Akash Kumar, Jamia Hamdard


Introduction


This paper examines institutional autonomy and democratic accountability in India in 2025 through a structural analysis of executive, legislative, and judicial conduct. The inquiry does not proceed on the assumption of institutional breakdown; rather, it considers whether the constitutional equilibrium designed to distribute power has operated with its intended steadiness. Legislative processes continued, statutes were enacted, judgments delivered, and elections conducted. Yet alongside this visible continuity, patterns emerged — executive authority expanding in scope, deliberative spaces narrowing in tempo, and judicial intervention exhibiting calibrated restraint in matters of structural consequence.

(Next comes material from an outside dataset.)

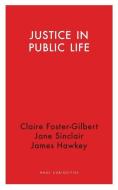 Justice In Public Life di Claire Foster-gilbert, Jane Sinclair, James Hawkey edito da Haus Publishing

Scholarship on Indian constitutionalism has long engaged with separation of powers, judicial review, and the tension between governance efficiency and constitutional limitation. More recent comparative discourse has examined democratic backsliding and institutional centralisation. These analyses, however, frequently assess institutions in isolation. This study instead approaches them relationally, examining how their interaction shapes the operative distribution of power. The question, therefore, is not whether constitutional forms endure — they do — but whether their internal balance continues to animate the full promise of democratic accountability.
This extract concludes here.